Pues bien, para dar inicio a la saga emotiva de que tratamos
ahora, agregaremos que los Urdaneta guipuzcoanos de un inicio enraízan en la entidad zuliana
cuando don Martín de Urdaneta Barrenechea
se establece en Maracaibo con el clan familiar en 1645, y luego de ese tronco activo viene
don Nicolás, Alférez Real de Maracaibo, para seguir con Sebastián, Alcalde de
la Santa Hermandad, y ya en la sexta generación de esta familia con ancestro
vasco establecida en Venezuela en que se destaca el sin igual señalado general
Rafael Urdaneta, su primo segundo Juan Nepomuceno, quien lucha en los finales
de esa Guerra de Independencia (desde febrero de 1821 en el camino de Nirgua,
campaña de Coro, El Tendal, villa de Coro, Paguarita, El Trapiche y Santa Ana
de Paraguaná) el 6 de enero de 1822 formando parte del Batallón Maracaibo es
herido de gravedad en el combate naval de La
Vela de Coro contra fuerzas monárquicas del general español Miguel de La
Torre y Pando, que lo priva de la pierna derecha, salvando la existencia a
duras penas. Inutilizado pues para el
servicio militar la República le nombra en 1823 Administrador de la Renta de
Tabacos de El Tocuyo, cargo importante fiscal, donde este coronel contrae
nuevas nupcias, y luego, cargado de importante familia en 1832 es transferido a
Trujillo, aunque pronto se dedica a la actividad privada civil y mercantil, sin
olvidar la cuestión política, por lo que en 1836 y luego del combatiente período
paecista llamado La Cosiata sale del país y se establece en Colombia, para
regresar a Trujillo en 1838, donde pronto será Gobernador Provincial por cinco
años, viviendo con la prole y demás allegados en su casa de dos pisos que
construyera en la llamada Calle del Comercio, que aún perdura y hoy pertenece mediante
donación al obispado de Trujillo por cuenta de las hermanas María Ignacia y
Matilde Urdaneta. Aquí en este recuento de familia tan íntimo y cordial aparece ya el recuerdo de nuestro
bisabuelo Ezequiel Urdaneta Morantes, (1816-1887) hijo único en el primer matrimonio del prócer Juan Nepomuceno
tenido en Maracaibo con doña Teresa Morantes Goicoechea, quien a causa del
difícil parto muere, y por ello su heredero descendiente Urdaneta Morantes desde el principio es formado entre el cariño
familiar de las hermanas de Juan Nepomuceno (una de ellas llamada Ezequiela),
quien para entonces se encuentra luchando en la Guerra de Independencia.

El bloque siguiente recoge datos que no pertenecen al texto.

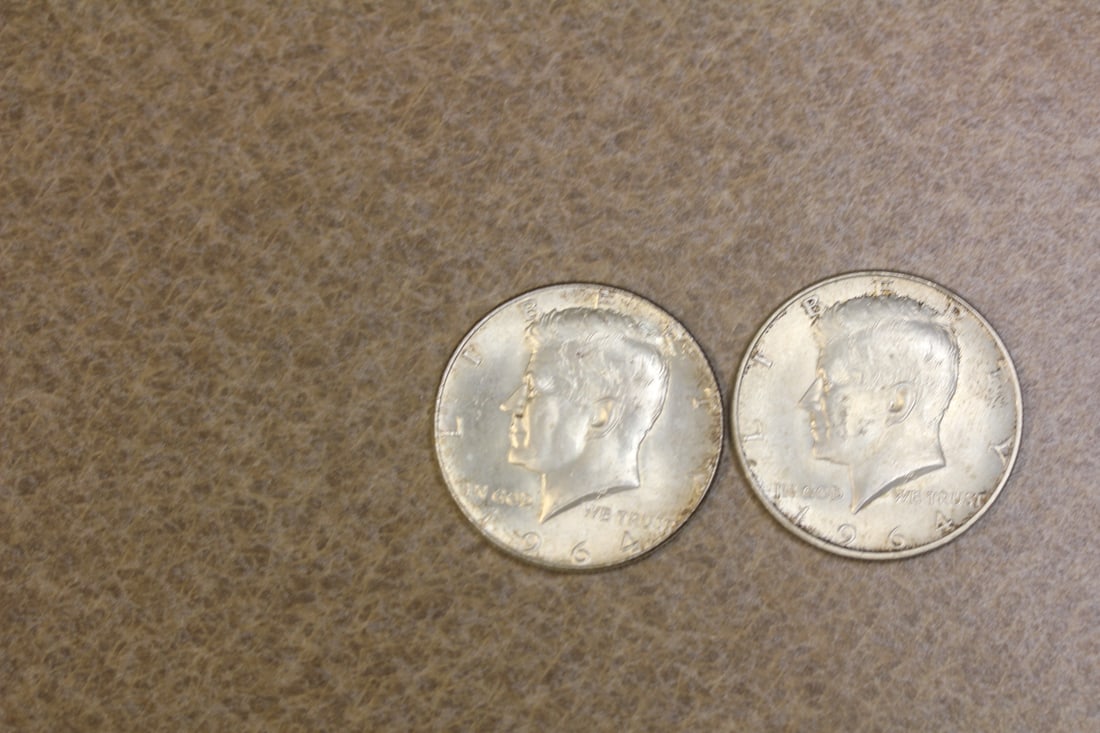 Lot of Two Kennedy Halves: 90% silver
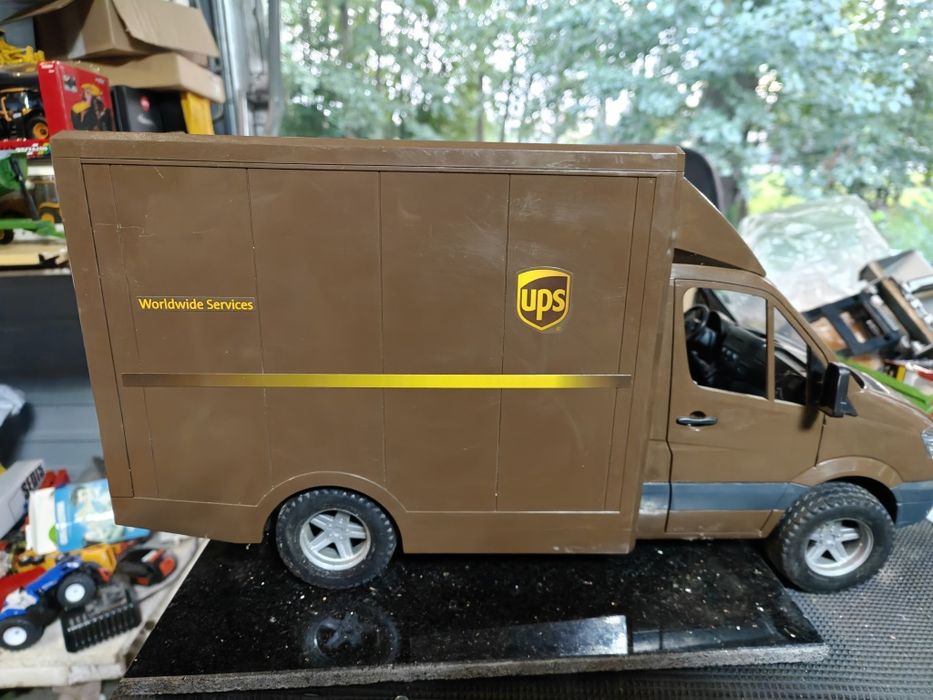 Bruder Mercedes sprinter dhl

Ezequiel Urdaneta Morantes. |
Mi bisabuelo Ezequiel Urdaneta Morantes por reclamo del padre y ya traído de Maracaibo a Trujillo fue
elevado en el fecundo hogar que su progenitor
fundó con la tocuyana doña María Ignacia Valcarce Pimentel, donde utilizando
los consejos paternales y porque el
grano de café venezolano comienza a tener importancia en el mercado mundial, se
inicia en el mundo de los negocios mercantiles y bancarios con miras a un amplio desarrollo rural de este básico rubro agrícola,
en el triángulo agrario que descendía desde el páramo de Los Linares (San
Lázaro), por Carvajal, Sabanetas, La Chapa, Cañaverales, El Amarillo, Lagunetas,
Los Barriales, La Macarena, hasta las
tierras calientes lindantes con
Pampanito o Edeniana, (hoy Pampanito II, Mesa de Los Gabaldones, el río Jiménez
y Butaque), algo así como 53 fundos campesinos entre grandes y menores que
dieron nombre a la región, al tiempo colmada ella de terratenientes
empresariales pero con miras de futuro. Este bisabuelo de quien hablo fue
hombre valioso de aquella sociedad en evolución, culto y político de categoría,
que representara a Trujillo ante el Congreso Nacional en dos oportunidades
(1852-53), donde intervino con vehemencia para abolir la esclavitud en
Venezuela, ley ejecutiva que firma en Caracas el 23 de marzo de 1854, como igualmente
suscribiera con dos años de antelación el Decreto del Congreso que otorga al
Colegio Nacional de Trujillo funciones universitarias para discernir títulos en Derecho, Matemáticas y Medicina. En la
Catedral de Trujillo, capilla de las Mercedes, se guardan sus restos
venerandos. Ese bisabuelo maracaibero debido a los múltiples negocios del campo
que ejercía permaneció un tiempo
viviendo en la “ye” o camino que formaba la salida del poblado de Carvajal rumbo a la
Hoyada y el entonces pujante pueblo ferrocarrilero de Motatán, donde por cierto
en la hacienda “Potreritos” (San Luis), camino hacia Valera, propiedad de la
familia Maya, conoce y se enamora de su futura esposa doña Alcira Maya de La
Torre (pariente cercana de los próceres sanfelipeños Mayas y del guerrillero
patriota trujillano Vicente De La Torre
Abreu, fusilado en la ahora Plaza Sucre de Trujillo (1815).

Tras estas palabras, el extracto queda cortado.